Big Reds has been showing me the ropes with some trapping the last few days and is feeding my newest outdoor interest.

Anyhow when checking the line today, he caught a very nice (at least I think so) skunk. It is nearly all white, just some black on the face and the legs. The body and full tail is pure white. A gorgeous skunk.

I saw one like this in another location, 1/2 hour or so away off an on the last year or so at my work.

Anyhow how common are skunks with this type of coloration? Anyone else catch any like this?


----------



## BirdieShooter

A few years ago I had a reverse skunk around my place for awhile. It wasn't albino, it was actually white with black stripes, pigment in its eyes and everything. Kinda cool, I wonder where he ever went?


----------



## Mister ED

Seams like the whiter the skunk, the higher the demand.


----------



## Yonkers

I can see that, this animal I found to be very beautiful. 

This was for sure not an albino, had black pigment in areas just was extremely white. Sounds like this is not unheard of, and of course more desired. Mister Ed - roughly how many of these have you run across?


----------



## Mister ED

Yonkers said:


> Mister Ed - roughly how many of these have you run across?

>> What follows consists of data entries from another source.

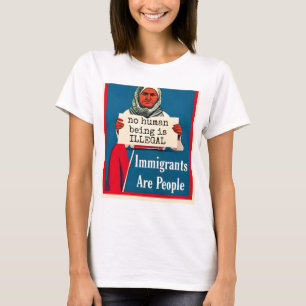 Camiseta Imigrantes São Pessoas. Nenhum Ser Humano é Ilegal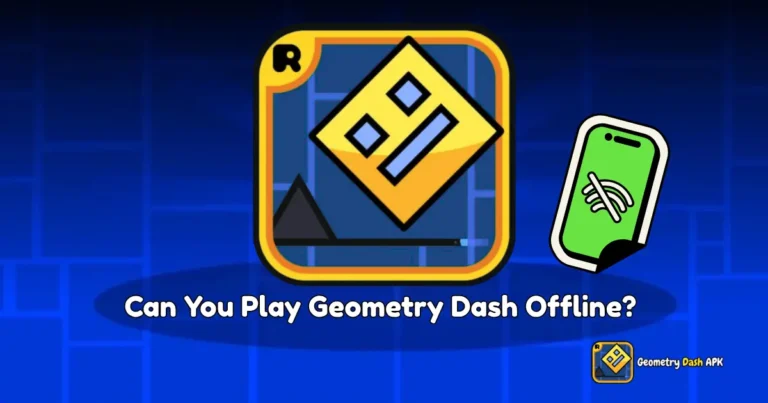 Can You Play Geometry Dash Offline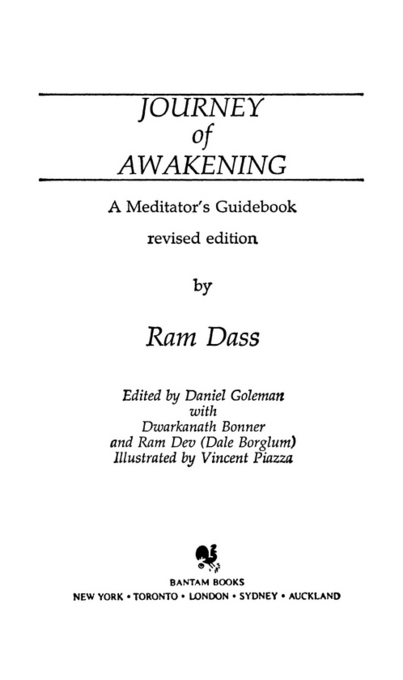 JOURNEY OF AWAKENING A MEDITATORS GUIDEBOOK REVISED EDITION A Bantam - photo 2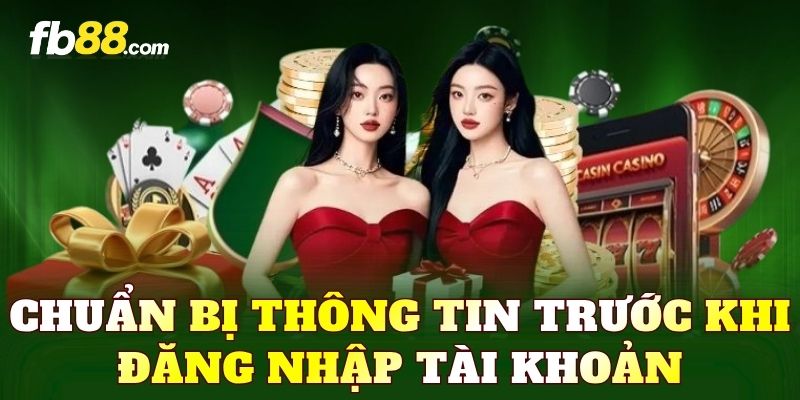 Chuẩn bị thông tin trước khi đăng nhập tài khoản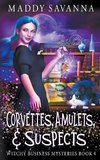 Corvettes, Amulets, & Suspects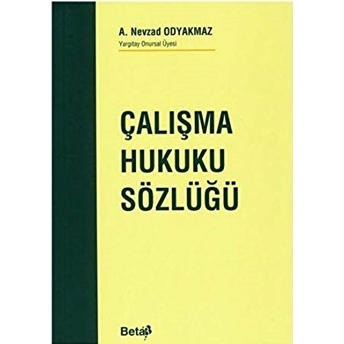 Çalışma Hukuku Sözlüğü A. Nevzad Odyakmaz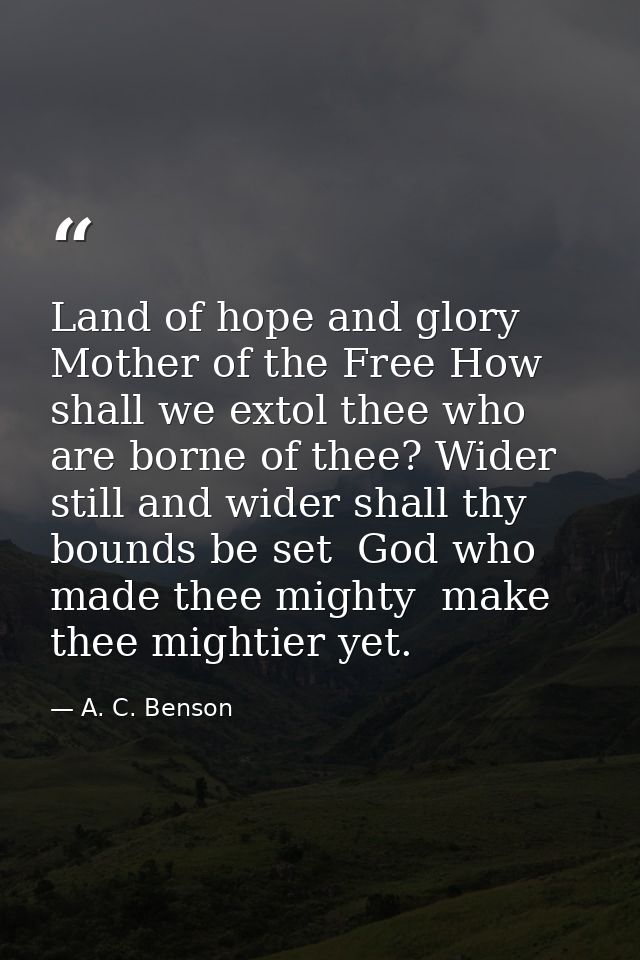 Land of hope and glory  Mother of the Free How shall we extol thee who are borne of thee? Wider still and wider shall th — A. C. Benson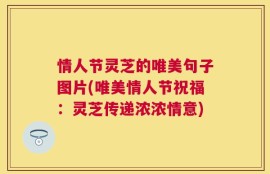 情人节灵芝的唯美句子图片(唯美情人节祝福：灵芝传递浓浓情意)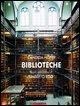 Cover-Bild zum Titel 'Biblioteche' von 'Candida Höfer'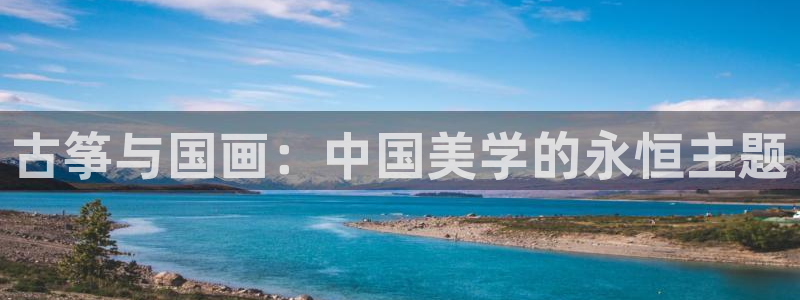 凯发国际网站官网：古筝与国画：中国美学的永恒主题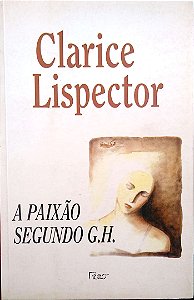 Livro a Paixão Segundo G. H. Autor Linspector, Clarice (1998) [usado]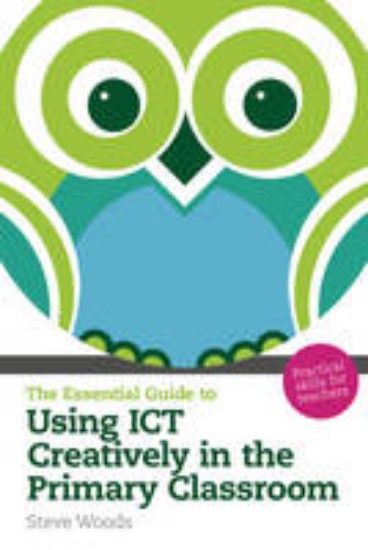 Picture of Essential Guide to Using ICT Creatively in the Primary Classoom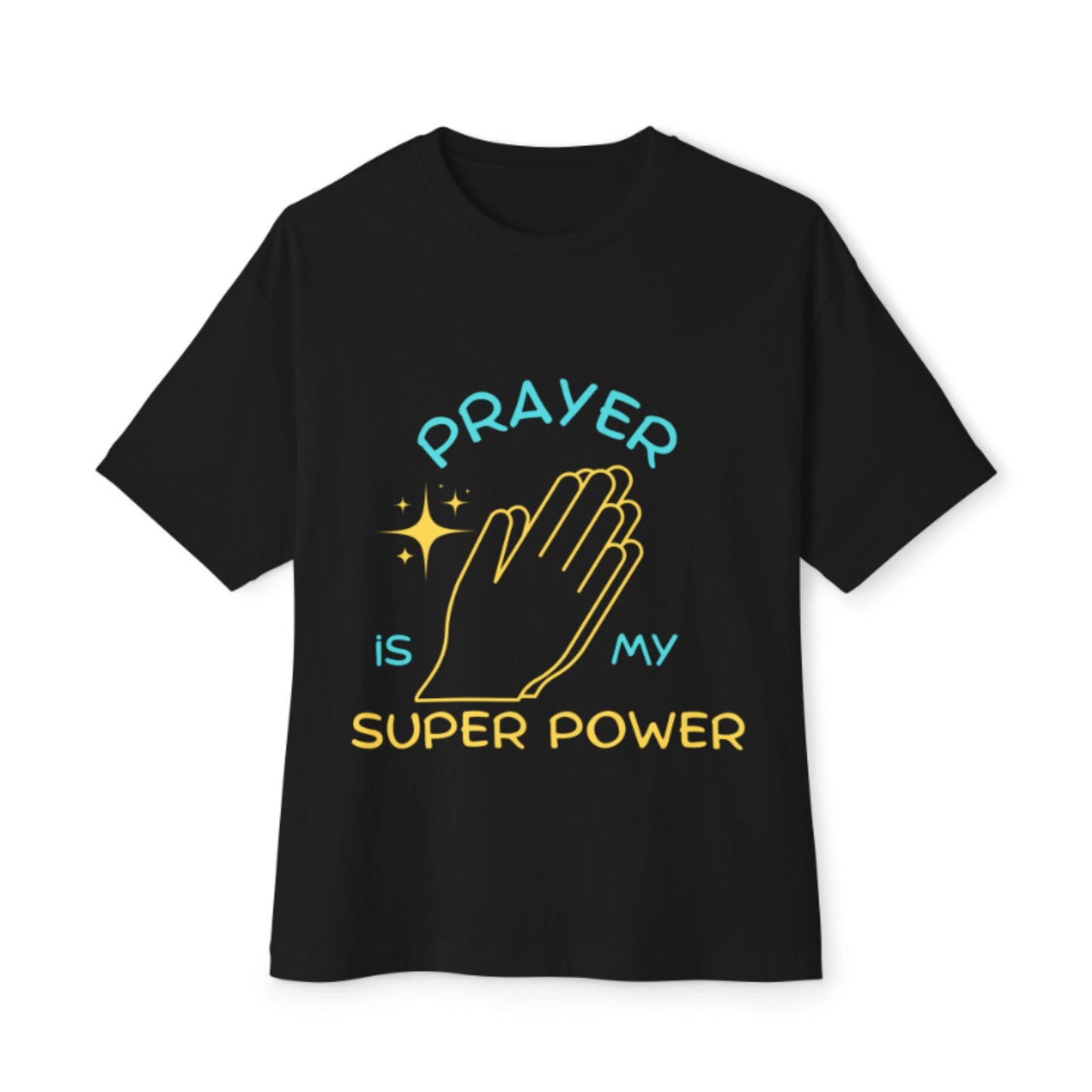 Prayer Is My Super Power T-Shirt – Unisex Christian Faith Tee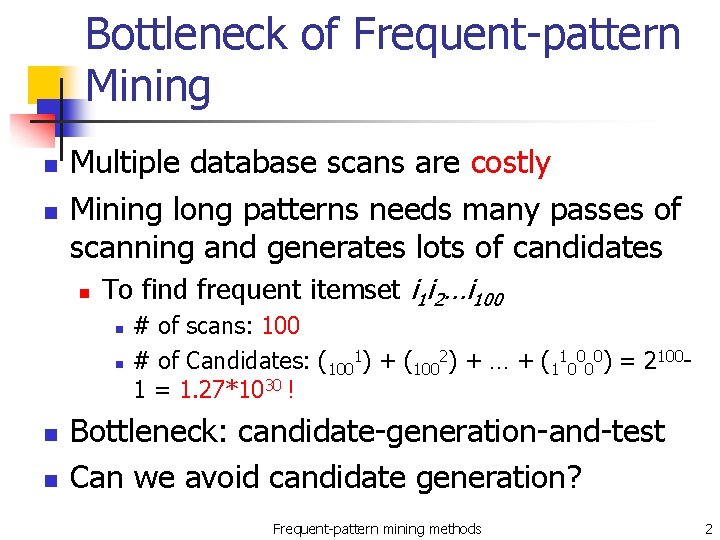 Bottleneck of Frequent-pattern Mining n n Multiple database scans are costly Mining long patterns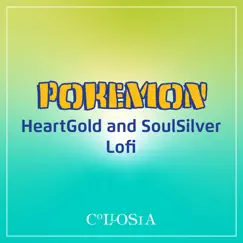 Pokemon Heartgold and Soulsilver Lofi - EP by Collosia album reviews, ratings, credits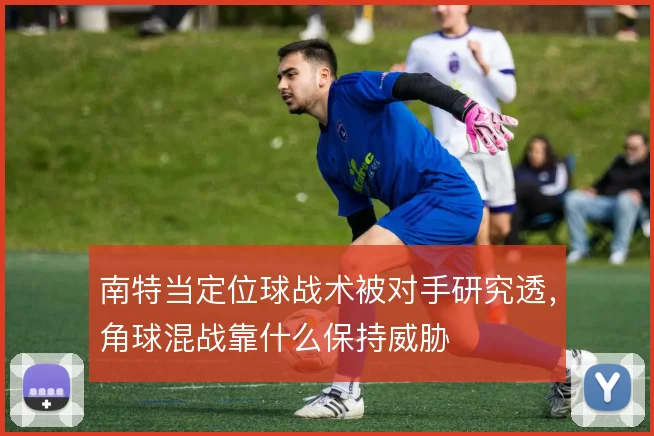 南特当定位球战术被对手研究透，角球混战靠什么保持威胁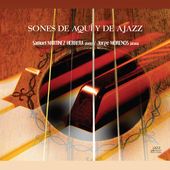 Album artwork for Sones de aquí y de ajazz
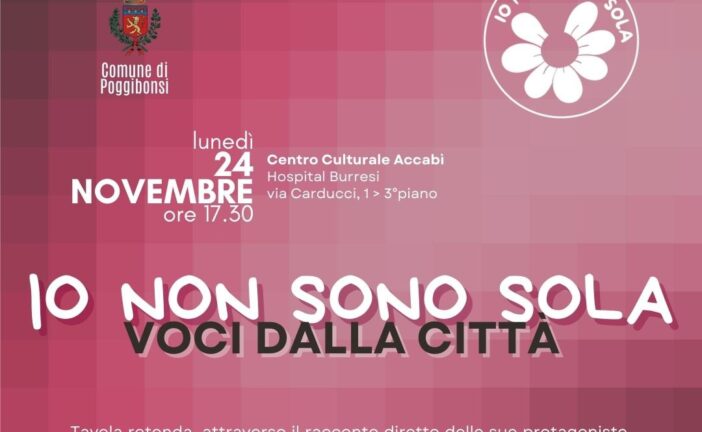 “Io non sono sola”: A Poggibonsi “voci di donne della città” si raccontano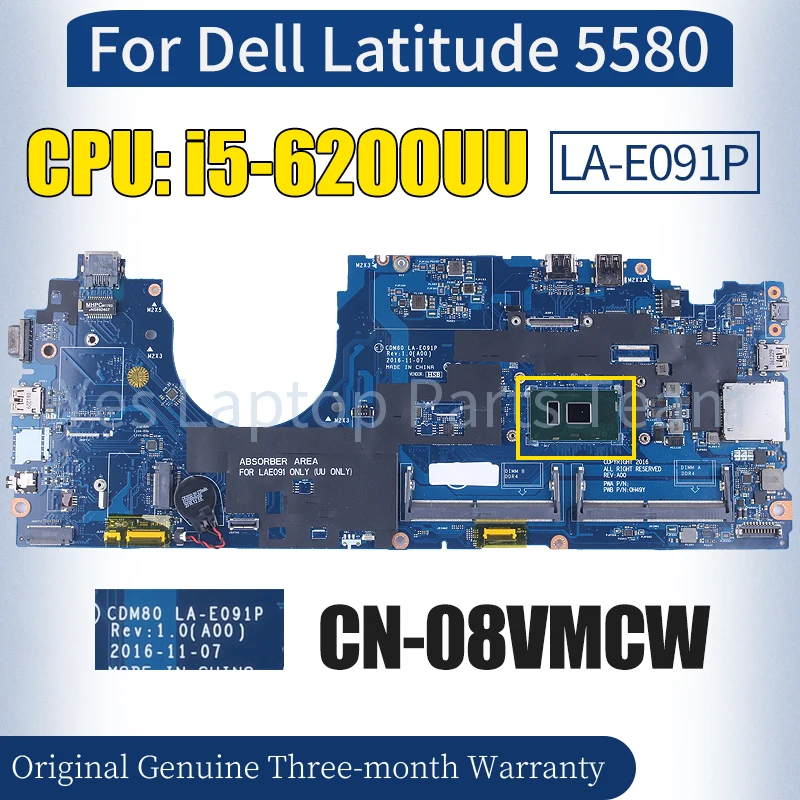 

CDM80 LA-E091P For Dell Latitude 5580 Laptop Mainboard CN-08VMCW SR2EY i5-6200U 100％ Tested Notebook Motherboard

 None ... LOL. I usually only get one skunk a year, at most. And then they are just your plain jane, stinkers.


----------



## BirdieShooter

Too funny! I just saw another of these tonight on my way in from the field. Caught a glimpse of white in the edge of my flashlight beam and sure enough, a reverse skunk. Amazingly and stunningly white. I was getting out my cell phone to take pics and it ran into some heavy cover. Too bad, it was just plain beautiful.


----------